Tocilizumab, an interluken-6 receptor (IL-6R) antagonist, resolved grade 3/4 CRS, including fever, within a median of 5 days.
Among those who had complete remission or complete remission with incomplete blood count recovery (CR/CRi), the geometric mean AUC of tisagenlecleucel transgene at 28 days postinfusion was 358% higher in patients who received tocilizumab, and the maximum tocilizumab concentration (Cmax) was 216% higher.
Investigators concluded that tocilizumab levels in this patient population were similar to those reported for pediatric patients receiving the drug for indications outside of oncology, and that tocilizumab did not disrupt tisagenlecleucel expansion.
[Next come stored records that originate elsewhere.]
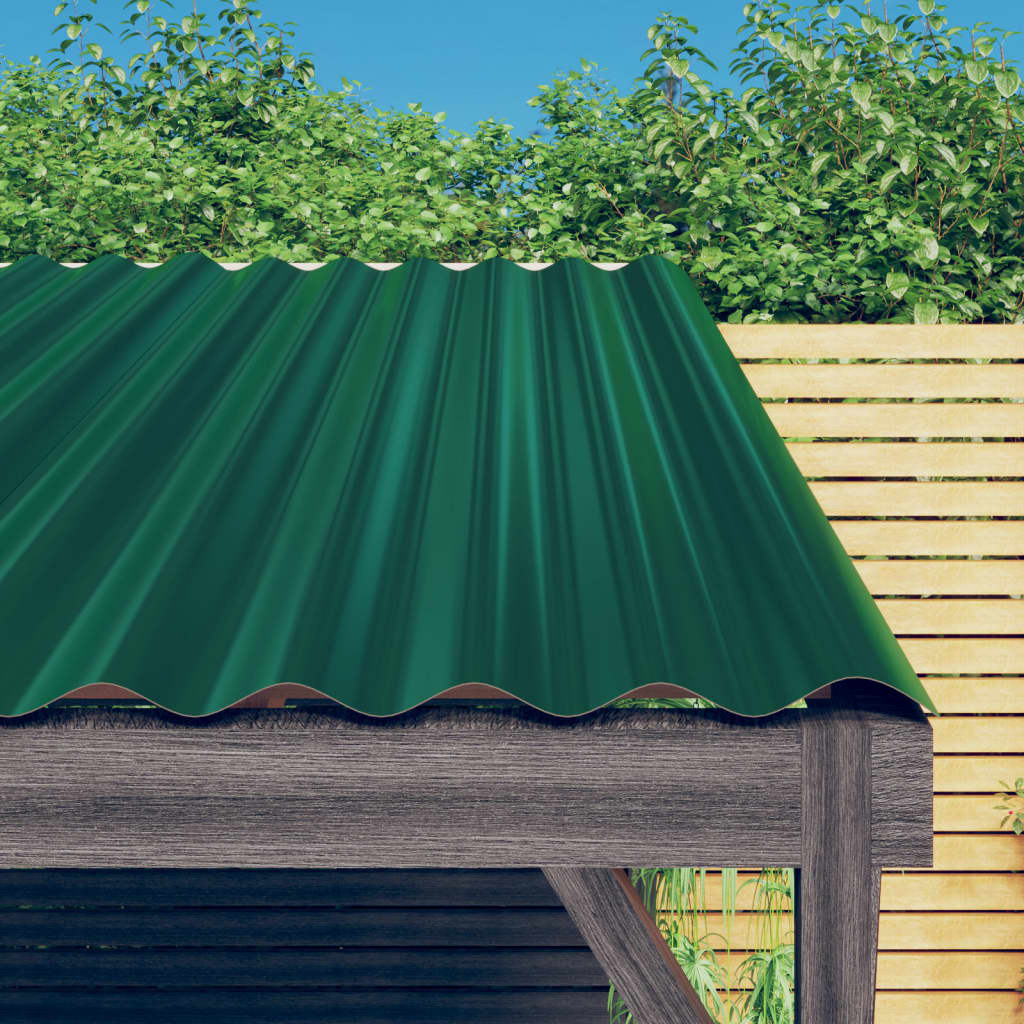 vidaXL Roof Panels 36 pcs Powder-coated Steel Green 60x36 cm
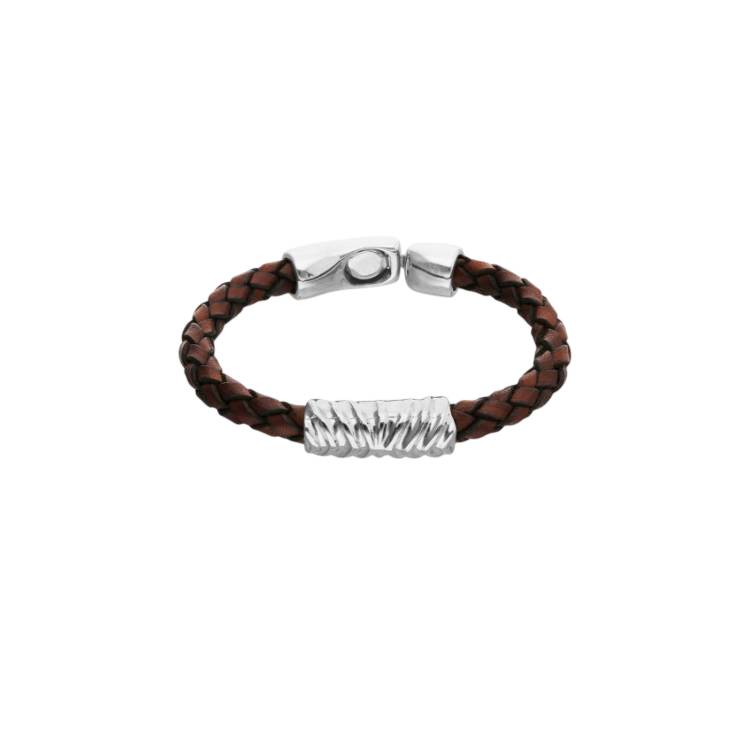 Bracciale Uomo Uno De 50 Pelle Intrecciata Marrone Dettaglio Placcato Argento PUL2632MARMTL0L
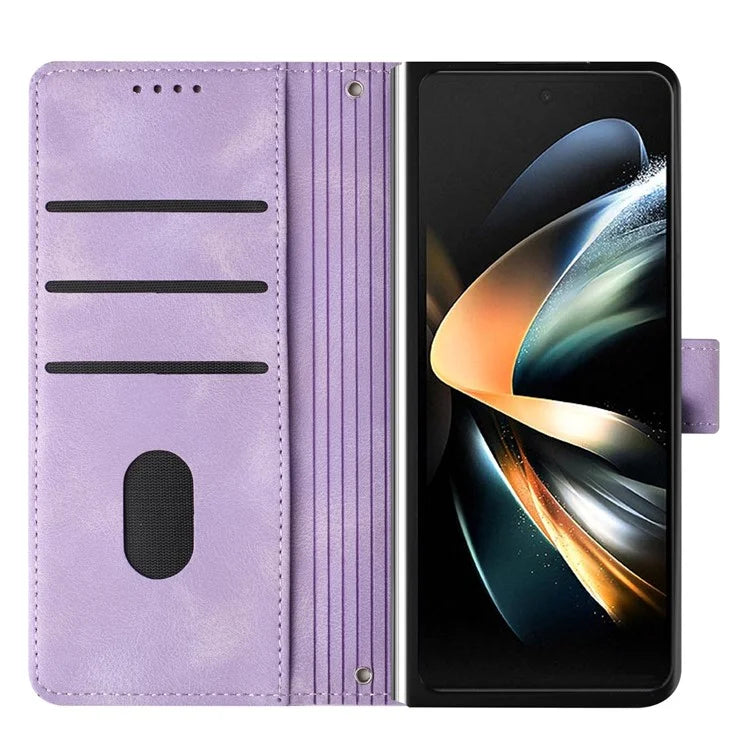 For Samsung Galaxy Z Fold6 5G Case Triangle Pattern Leather Phone Cover Wallet with Hand Strap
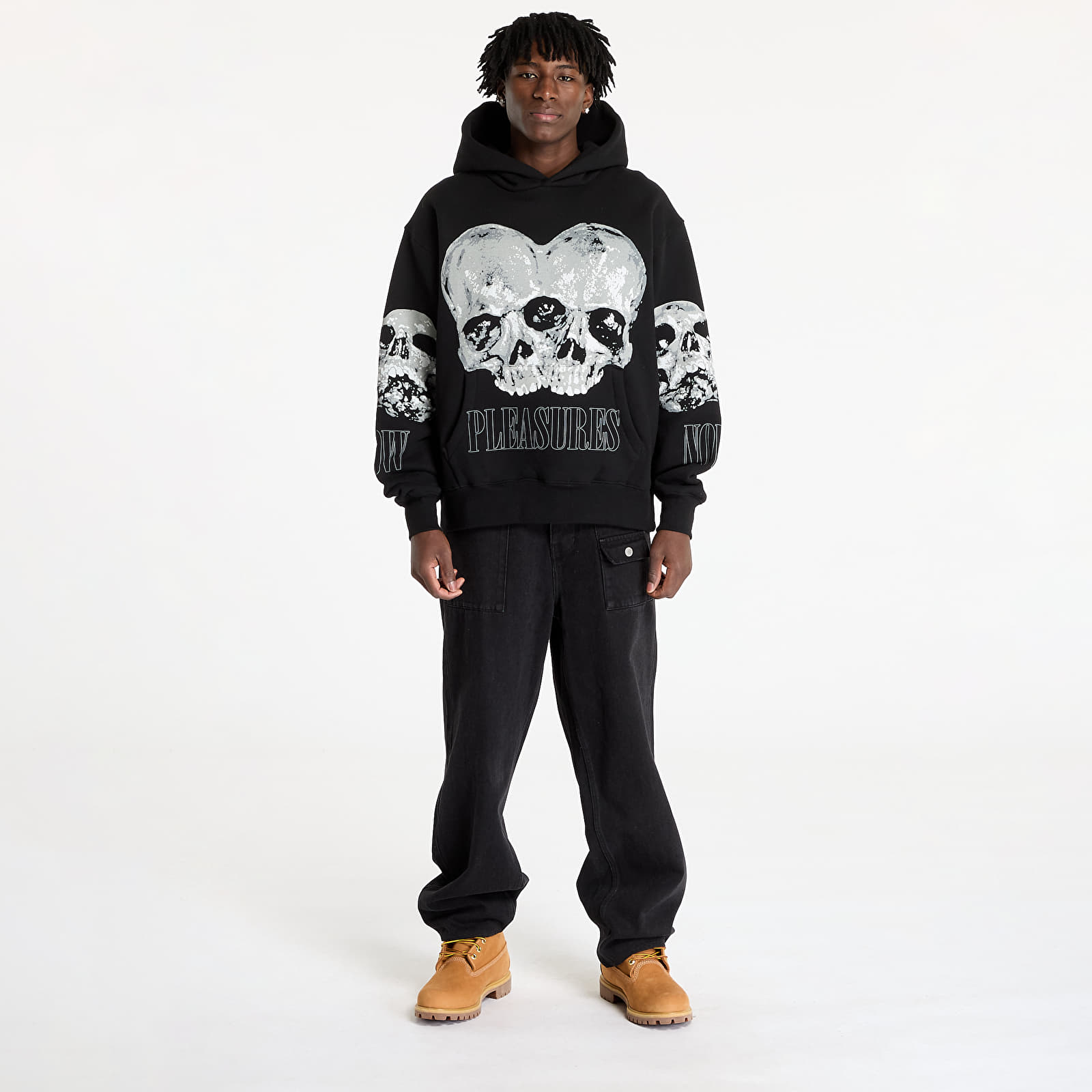 Hoodies and sweatshirts PLEASURES Double Skull Hoodie Black Footshop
In April 2017, the FDA approved tocilizumab for the treatment of moderate to severe CRS associated with chimeric antigen receptor (CAR) T-cell therapy in patients aged 2 years or older. Results from a retrospective analysis of pooled data from 45 pediatric and adult patients treated in T-cell therapy clinical trials showed that the agent induced an overall response rate of 69% (95% CI, 53-82).2
Overall response was defined as resolution of CRS within 14 days with ≤2 doses of tocilizumab. Patients were only allowed to use tocilizumab or corticosteroids.
In this analysis, investigators evaluated patient serum samples that were quantified with validated assays to describe the PK of tocilizumab and the PD of soluble IL-6R levels. Investigators used noncompartmental analysis methods to determine Cmax.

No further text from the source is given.